Our SSO login process uses Forms Authentication against a custom user store in SQL Server.
我们的SSO登录过程对SQL Server中的自定义用户存储使用表单身份验证。
One of our new security requirements is to only allow an account to have one active session at a time. So any time a user logs in, we will check to see if the login credentials are already active, and preferably prevent the new user from logging in again until the other session ends. Alternatively we could force the other session to end, if that would be easier to implement.
我们的新安全要求之一是仅允许帐户一次拥有一个活动会话。因此,每当用户登录时,我们将检查登录凭据是否已经处于活动状态,并且最好阻止新用户再次登录,直到另一个会话结束。或者,如果更容易实现,我们可以强制其他会话结束。
Is there a simple way to do this with Forms Authentication? We've considered a custom approach where we track each session in the database, but it would be a lot of work and we'd probably have to modify all of our applications to detect the session_end, which I'm hoping to avoid. I figure there has to be something in Forms Auth that handles this.

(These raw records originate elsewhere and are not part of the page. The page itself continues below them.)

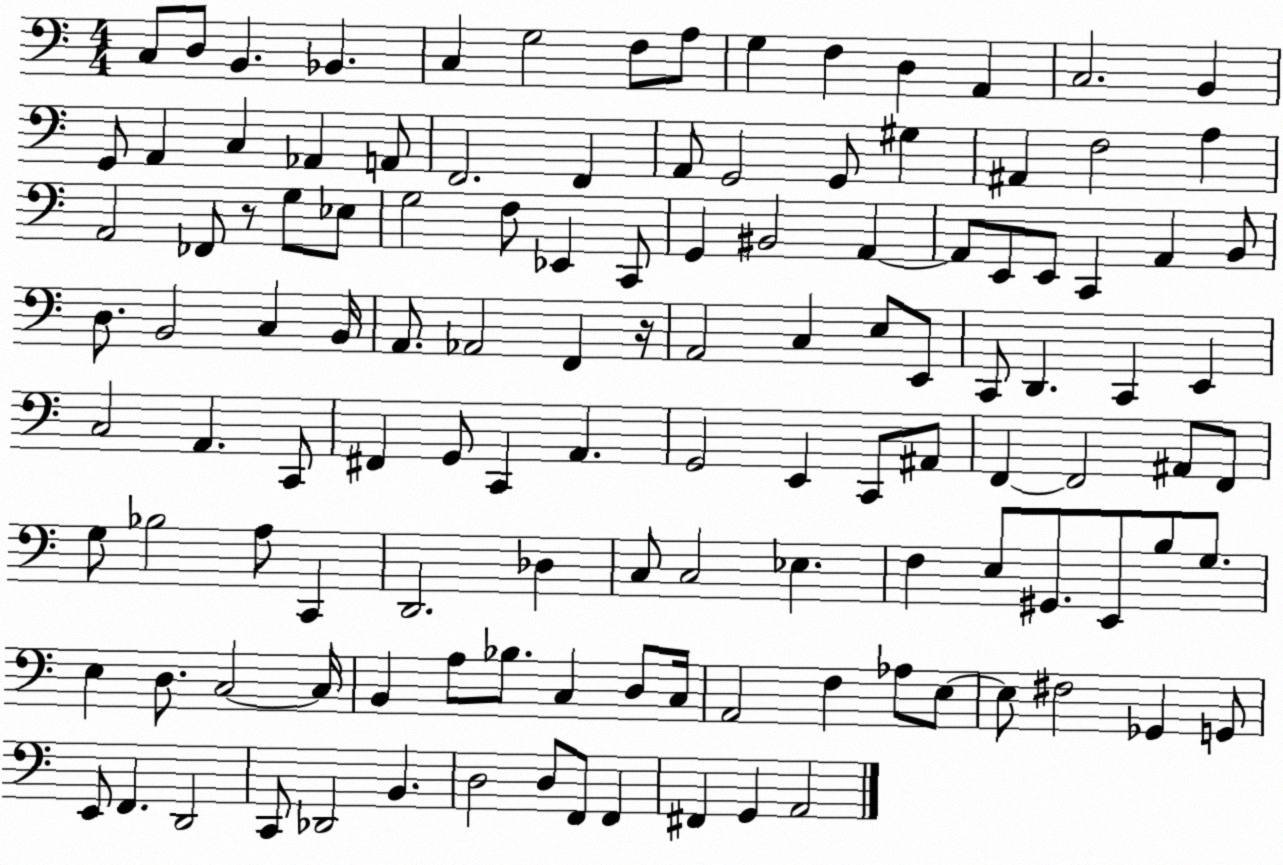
X:1
T:Untitled
M:4/4
L:1/4
K:C
C,/2 D,/2 B,, _B,, C, G,2 F,/2 A,/2 G, F, D, A,, C,2 B,, G,,/2 A,, C, _A,, A,,/2 F,,2 F,, A,,/2 G,,2 G,,/2 ^G, ^A,, F,2 A, A,,2 _F,,/2 z/2 G,/2 _E,/2 G,2 F,/2 _E,, C,,/2 G,, ^B,,2 A,, A,,/2 E,,/2 E,,/2 C,, A,, B,,/2 D,/2 B,,2 C, B,,/4 A,,/2 _A,,2 F,, z/4 A,,2 C, E,/2 E,,/2 C,,/2 D,, C,, E,, C,2 A,, C,,/2 ^F,, G,,/2 C,, A,, G,,2 E,, C,,/2 ^A,,/2 F,, F,,2 ^A,,/2 F,,/2 G,/2 _B,2 A,/2 C,, D,,2 _D, C,/2 C,2 _E, F, E,/2 ^G,,/2 E,,/2 B,/2 G,/2 E, D,/2 C,2 C,/4 B,, A,/2 _B,/2 C, D,/2 C,/4 A,,2 F, _A,/2 E,/2 E,/2 ^F,2 _G,, G,,/2 E,,/2 F,, D,,2 C,,/2 _D,,2 B,, D,2 D,/2 F,,/2 F,, ^F,, G,, A,,2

使用表单身份验证有一种简单的方法吗?我们已经考虑了一种自定义方法,我们跟踪数据库中的每个会话,但这将是很多工作,我们可能必须修改我们的所有应用程序来检测session_end,我希望避免。我认为Forms Auth中必须有一些东西来处理这个问题。

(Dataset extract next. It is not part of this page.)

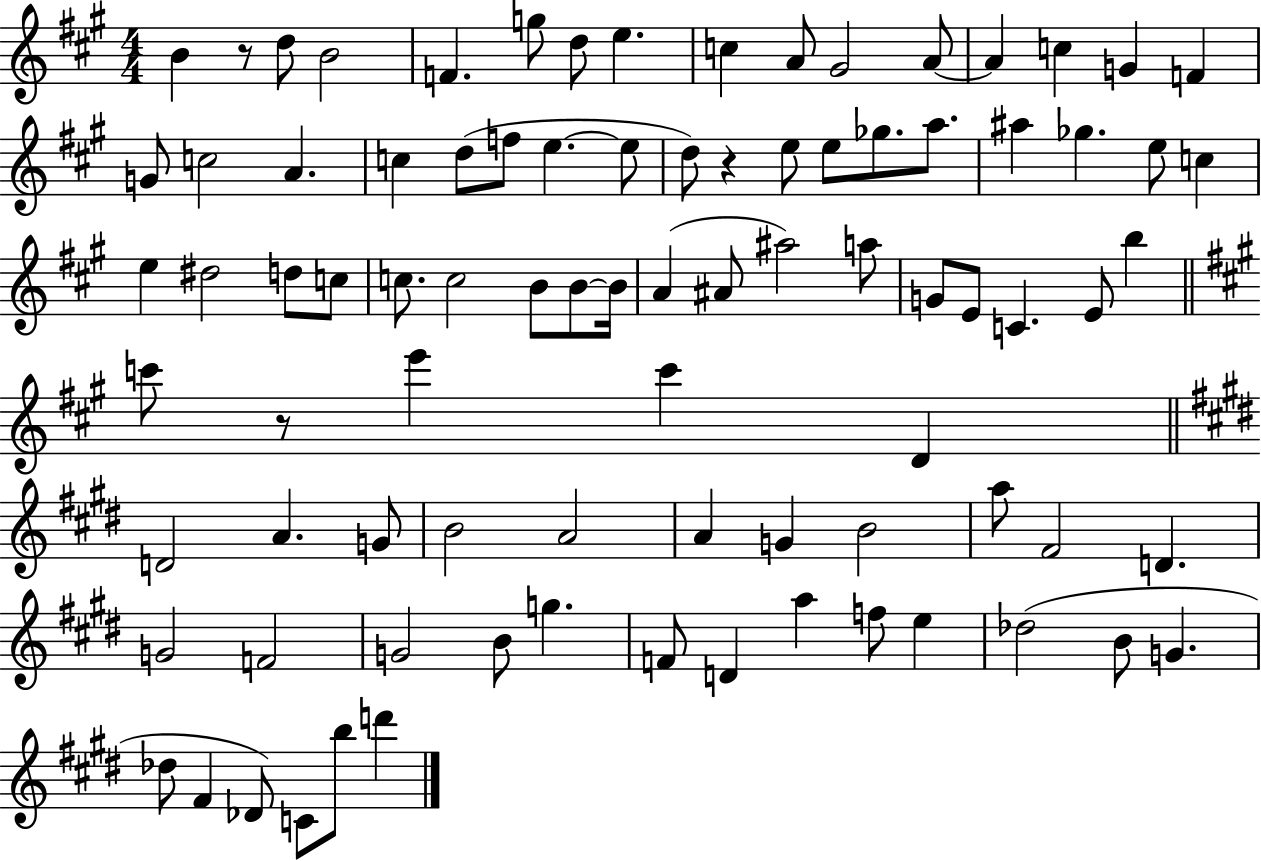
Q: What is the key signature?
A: A major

I've seen the MembershipUser.IsOnline() method, which seems ideal, but we're not using a Membership provider.
我见过MembershipUser.IsOnline()方法,看起来很理想,但我们没有使用会员提供程序。

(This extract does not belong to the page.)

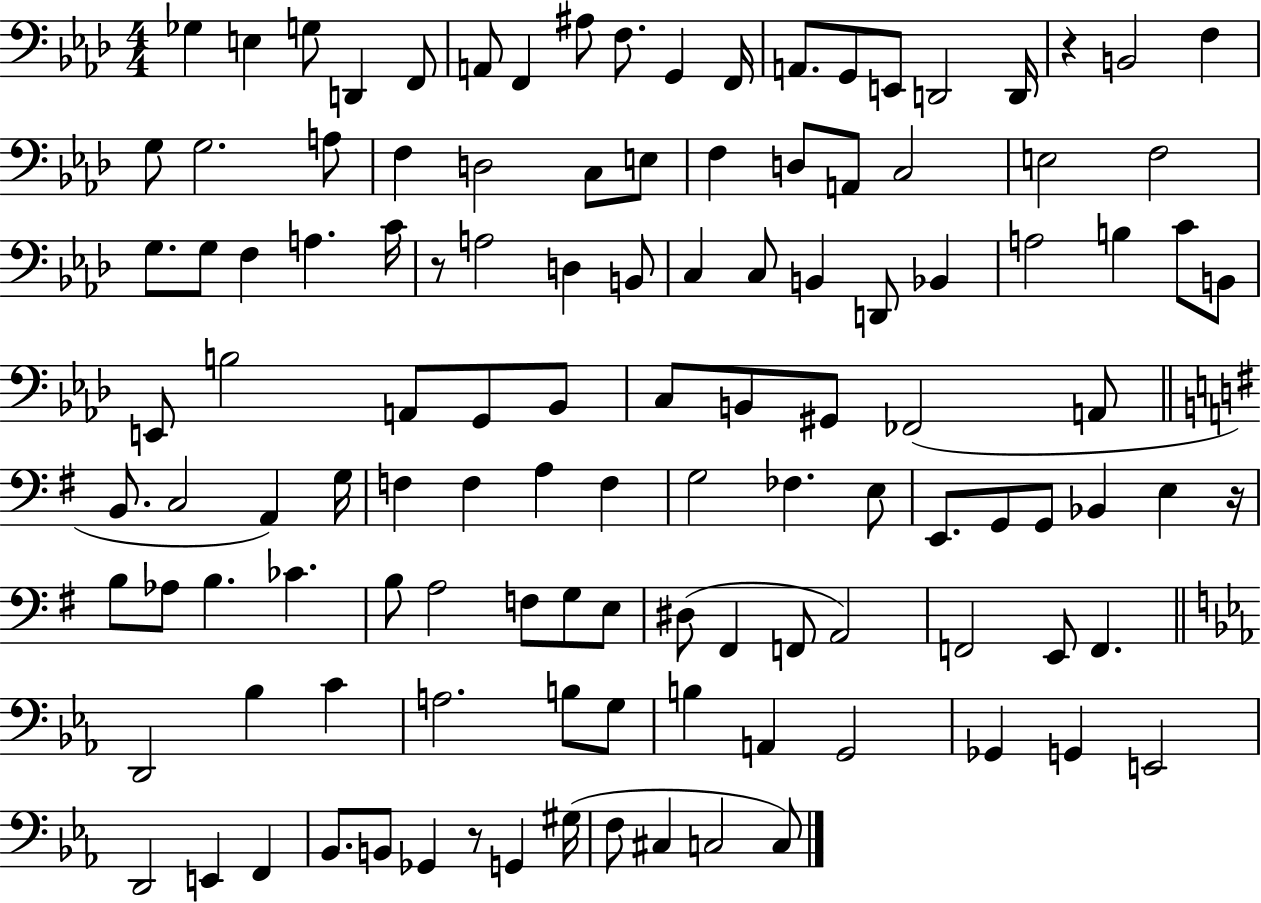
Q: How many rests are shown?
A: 4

UPDATE: Just to be clear, I do not need to check whether the current user is logged in, I need to know if somebody else is already logged in using the same account.
更新:为了清楚,我不需要检查当前用户是否已登录,我需要知道其他人是否已使用同一帐户登录。
3 个解决方案
#1
If I understood you correct, you would need to store the last activity state based on the user id.
Membership.IsOnline() is implemented by checking the LastActivityDate property persisted in the membership database.
So somewhere, you would need to track user activity.
You could maybe implement a httpmodule that updates a timestamp for user activity.
如果我理解你是正确的,你需要根据用户ID存储最后一个活动状态。 Membership.IsOnline()是通过检查成员资格数据库中持久存在的LastActivityDate属性来实现的。所以在某个地方,您需要跟踪用户活动。您可以实现一个更新用户活动时间戳的httpmodule。
#2
Try this:
System.Web.HttpContext.Current.User.Identity.IsAuthenticated
#3
If the HttpContext.Current.User property is not null then they are logged in. And Identity.IsAuthenticated is true.
如果HttpContext.Current.User属性不为null,则它们将登录。并且Identity.IsAuthenticated为true。
#1
If I understood you correct, you would need to store the last activity state based on the user id.
Membership.IsOnline() is implemented by checking the LastActivityDate property persisted in the membership database.
So somewhere, you would need to track user activity.
You could maybe implement a httpmodule that updates a timestamp for user activity.
如果我理解你是正确的,你需要根据用户ID存储最后一个活动状态。 Membership.IsOnline()是通过检查成员资格数据库中持久存在的LastActivityDate属性来实现的。所以在某个地方,您需要跟踪用户活动。您可以实现一个更新用户活动时间戳的httpmodule。
#2
Try this:
System.Web.HttpContext.Current.User.Identity.IsAuthenticated
#3
If the HttpContext.Current.User property is not null then they are logged in. And Identity.IsAuthenticated is true.
如果HttpContext.Current.User属性不为null,则它们将登录。并且Identity.IsAuthenticated为true。